Further, Dell boasts more than 140,000 channel partners, which generates about 35% of the firm's commercial revenue; seven years ago, no revenue came through these channels. Additionally, Dell continues to grow its $21 billion enterprise business, which is already up 110% in 5 years, an average of 22% annual growth. The target: $40 billion.
Imagine the progress that can be made when Mr. Dell holds the reins and is only responsible to the primary shareholder, himself.
Reason 2: Less paperwork, more productive work
As a private enterprise and unlike its primary competitors, Dell is not required to meet shareholder or analyst expectations. Plus, the company can forego quarterly or annual filings with the SEC, expensive IR associated costs, and dividend and buyback measures, among other processes involved with being a public company.
Assuming Dell spent the same amount on dividends and buybacks as it has the past 5 years, this cash flow would exceed the monthly interest payments to the banks that lent cash to Dell for the buyout. That equation is pretty good, especially considering the potential future dividend increases had it stayed public and the extra cash it will have to invest or pay down additional debt.
So, with less distractions and more control, Mr. Dell is now building on his vision.
Reason 3: 'Cash Flow' and 'Growth'
The first two reasons fuel the third: Mr. Dell's vision to transform his company into a global powerhouse that emphasizes customer needs and a long-term time horizon. How? Grow fast and generate cash.
One way Dell expects to achieve this goal is by targeting mid-size companies, the fastest growing portion of the vast $3 trillion IT business. So, let's run some numbers. According to Mr. Dell, Dell owns 2% of the market and no competitor owns more than 5%. If Dell can capture just an extra .25% growth within the fastest growing segment of the market, it will generate $7.5 billion — not bad.

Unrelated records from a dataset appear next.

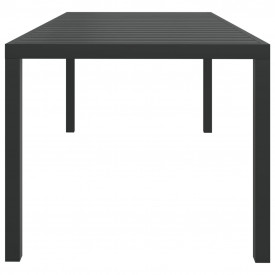 Masă de grădină WPC, aluminiu, 185x90x74 cm, negru - Img 3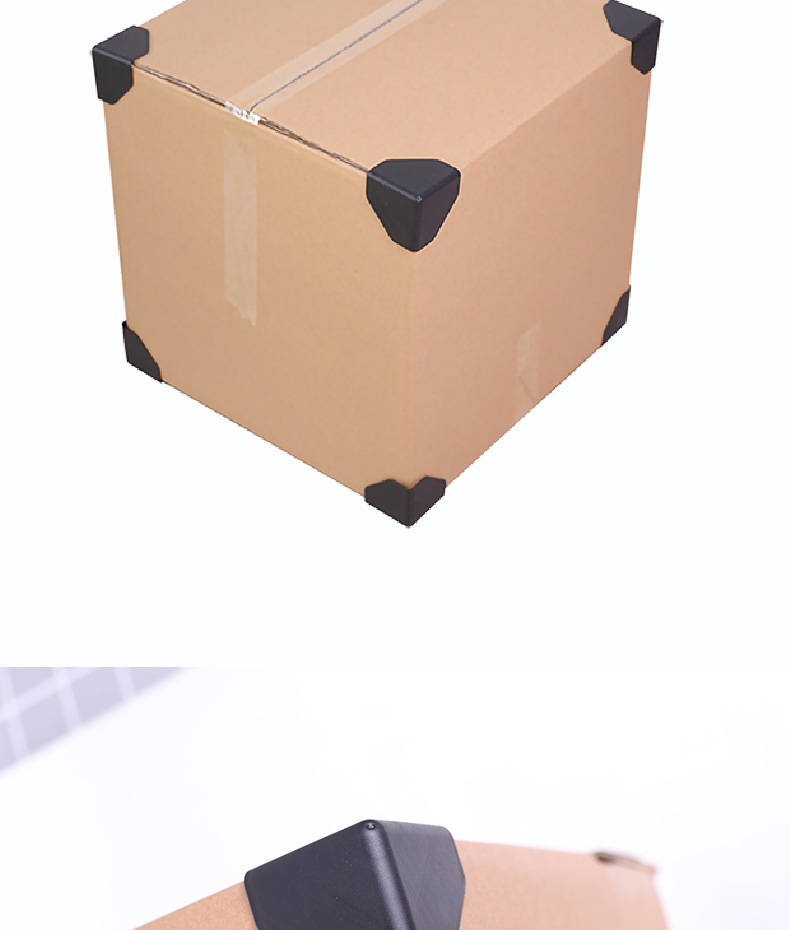 塑料护角快递箱子运输直角包装纸箱保护三角形三面型防撞包角脚垫 35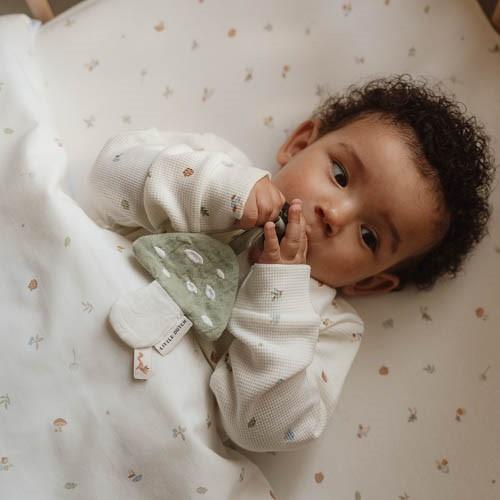 Lenzuolo con angoli letto singolo - Bianco - Misura 90x200- Forest Friends - Forest Treasures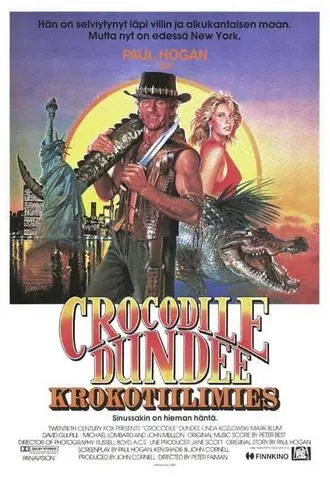 Crocodile Dundee (1986) Men's Colored Hoodie - idPoster.com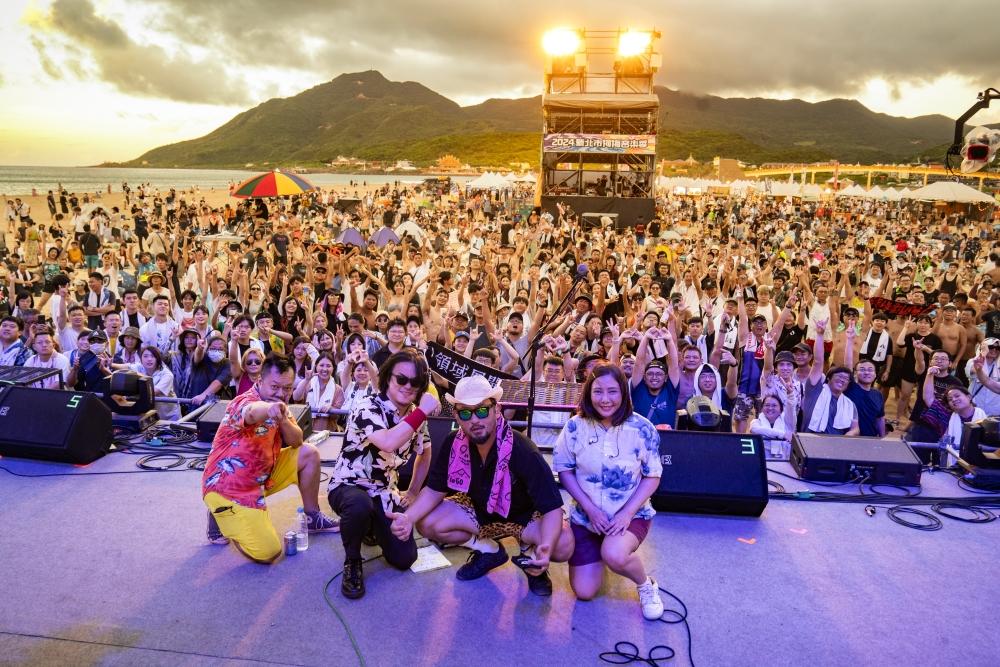 「貢寮海洋音樂祭」將於7月26日至7月27日在貢寮福隆海水浴場沙灘盛大展開。（圖為2024年資料照，新北市觀光局提供）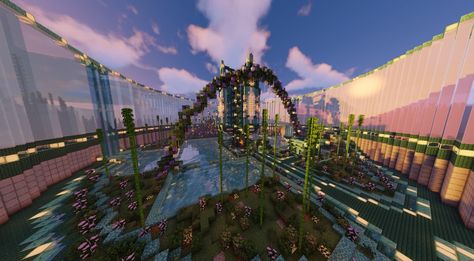 A minecraft guardian farm. It has a basement you can not see. Minecraft Guardian Farm, Farm Design, Temple Design, Brooklyn Bridge, Basement, Minecraft, Temple, Travel, Design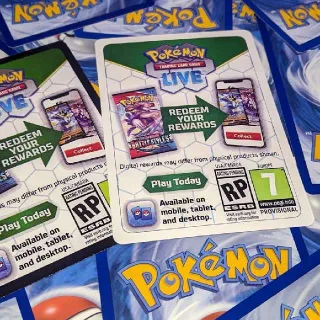 x6 Pokemon TCG Live Codes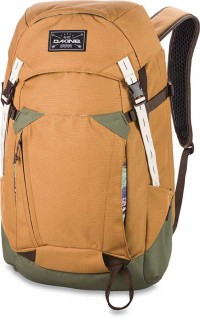 Туристический рюкзак Dakine Canyon 28L Yondr (зеленый с бежевой и бордовой отделкой)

Additionally, Mr. Dell will invest more heavily in R&D, something shareholders seemed to dislike, while building out the company's customer base. Mr. Dell even plans to sell PCs as a loss leader, considering 90% of its PC users buy extra services or products.
As a result, competitors like Hewlett-Packard, which are still under the watchful public eye and are subject to quarterly reports, may be in for a harsh awakening.
His final, forward thoughts
As Mr. Dell said:
We still have a long way to go and many challenges to meet.... But under a new private company structure we will have the flexibility to accelerate our strategy and pursue organic and inorganic investment without the scrutiny, quarterly targets and other limitations of operating as a public company. Our 110,000 team members worldwide are 100 percent focused on our customers and aggressively executing our long-term strategy for their benefit.
Time will tell if Dell's historical indicators will prove correct.